Friday, May 11, 2012

Killing Trust


"Trust men and they will be true to you; treat them greatly, and they will show themselves great." -- Ralph Waldo Emerson

Every organization needs trust. Without it, people can feel invalidated and become resentful.

From a counterintuitive perspective, trust is always accompanied by mistrust. They come in pairs whether you like it or not. Therefore, if you want to eliminate mistrust, you will have to kill trust. If there is no dependency on trust, people will have to relate to one another as their commitments. By killing trust, people are honored as their word and their actions are always a direct correlate of their words.

As for greatness, I lost both my parents when I was 21. As the oldest of 4 children, I was committed that what was left of the family continued to move forward in a powerful way. One of the ways I did that was to treat my brother and sisters, whose ages were 19, 16 and 12, as though they were truly great. Without question, they accomplished things that you would never expect from someone their age, even though I asked them to do tasks that they had no idea how to do.

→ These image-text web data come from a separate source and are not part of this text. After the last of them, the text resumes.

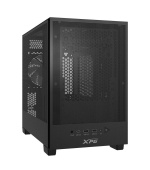 ADATA XPG case VALOR MESH NANO Mini-Tower, bez zdroje, 1x 120mm ARGB Fan, Černá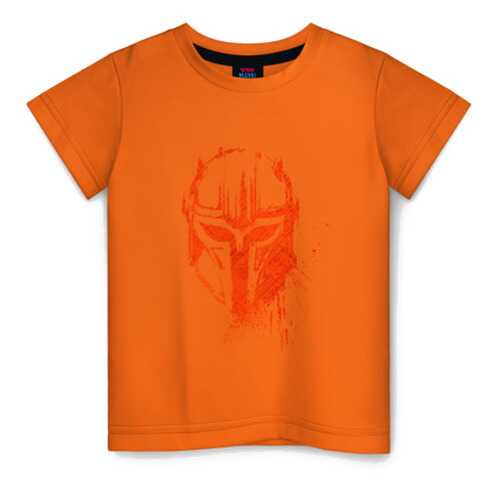Детская футболка ВсеМайки The Armorer The Mandalorian, размер 128 в Детский мир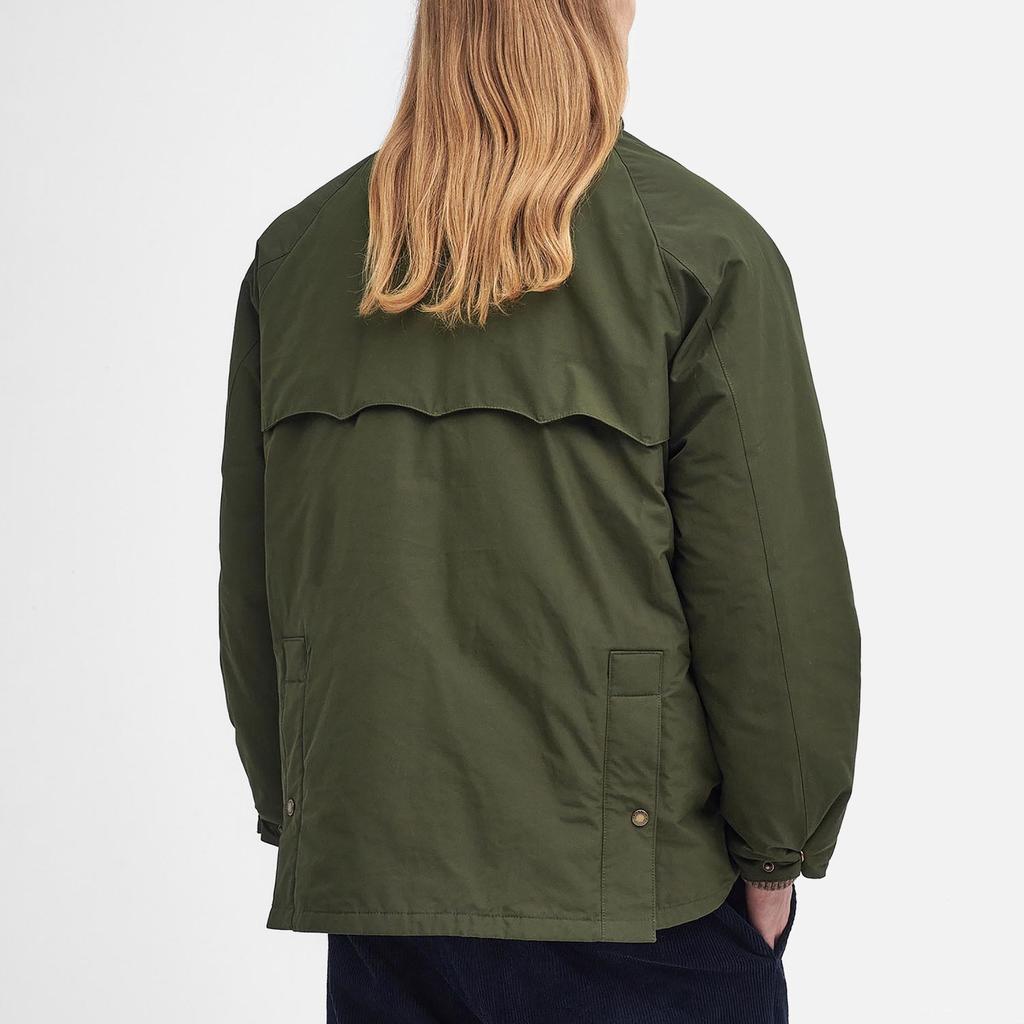 Barbour Barbour x Baracuta Bedale Canvas Oversized Jacket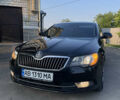 Чорний Шкода Суперб, об'ємом двигуна 1.97 л та пробігом 250 тис. км за 12200 $, фото 16 на Automoto.ua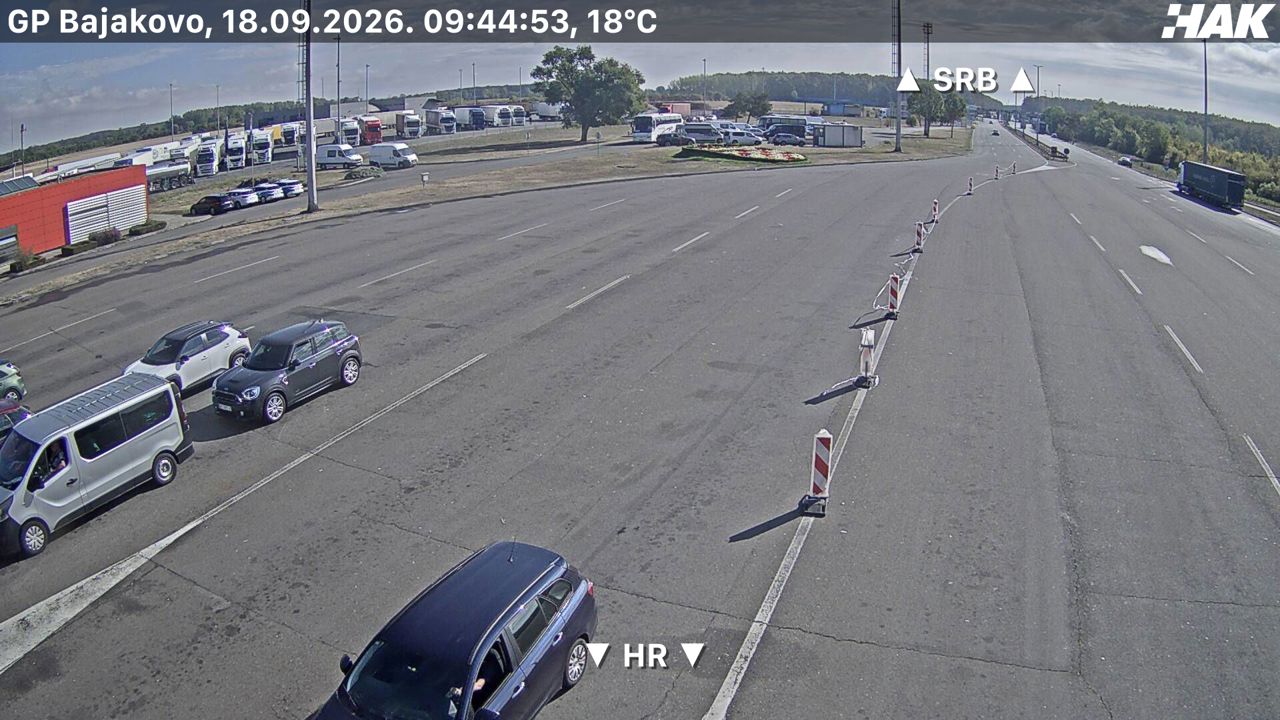 09:45 — smer Hrvatska 09:45 — smer Hrvatska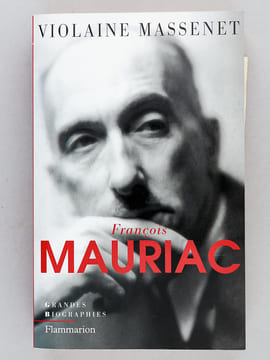 [ Ensemble de 4 ouvrages évoquant Mauriac, dont 3 dédicacés par leurs auteurs ] François Mauriac [ Avec : ] Mauriac sous l'Occupation [ Livre dédicacé ...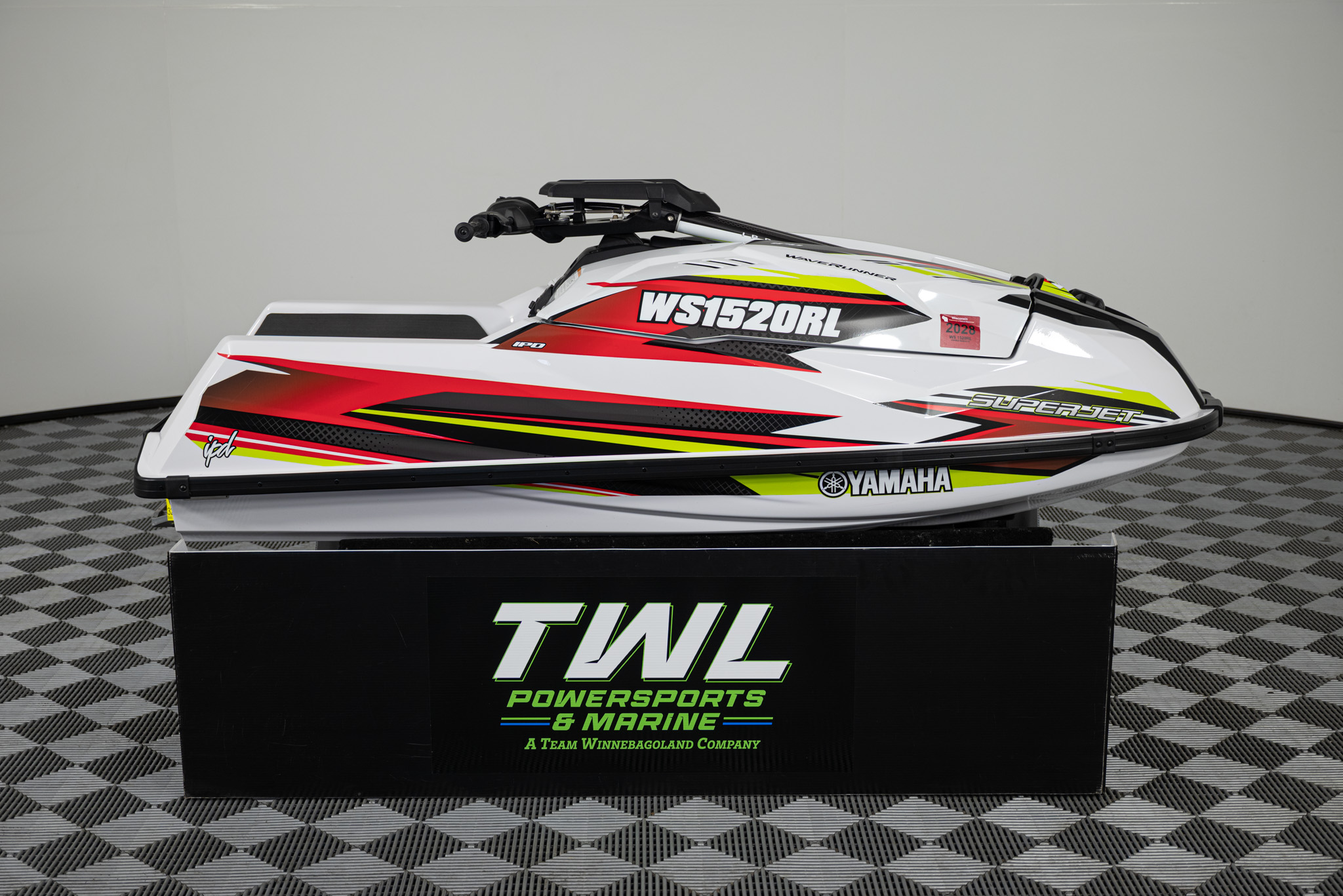 2023 Yamaha Waverunner GP SVHO WATERCRAFT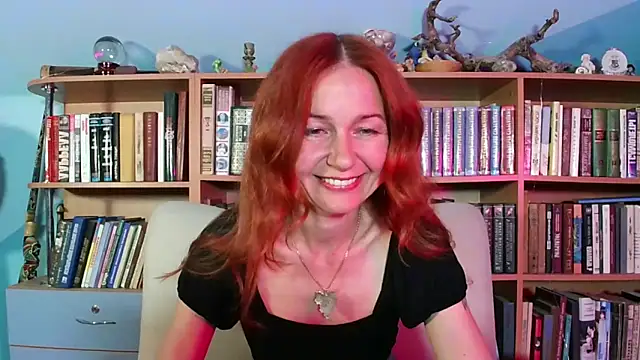 Foxilady357 online show from May 2026 02:26:01 PM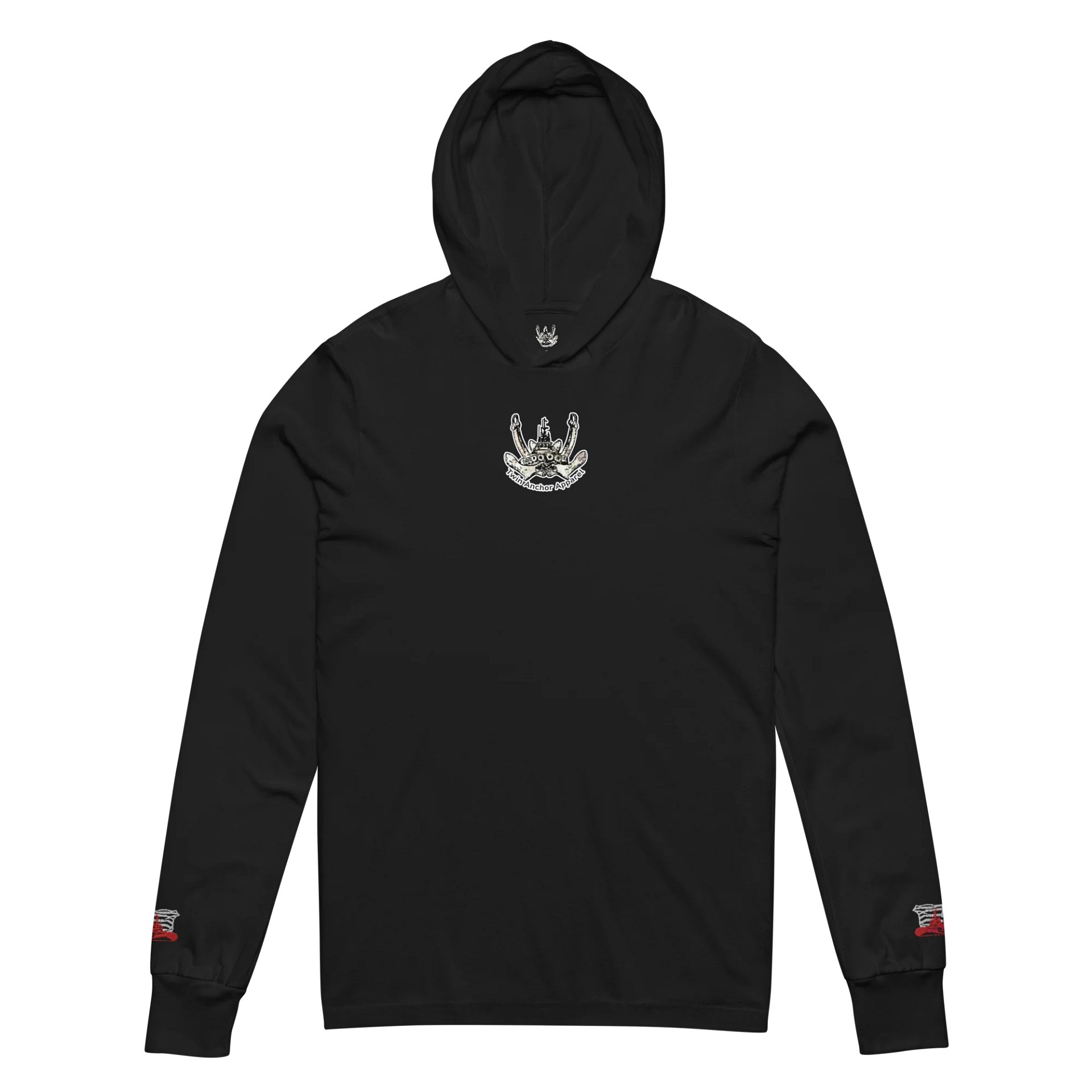 Copy of Marshall Foss & Reflection – Maritime Heritage | Twin Anchor Apparel Engine Room Line product image (3)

While my expectations were for greatness, I guided them through many endeavors until they were successful. This built confidence and allowed me to delegate increasingly complicated tasks to them each passing day. Whether they succeeded or failed in the beginning was irrelevant. It was more important that I was committed to their greatness and took the time to develop it.

As Mr. Emerson states, developing greatness in people will always outperform trust.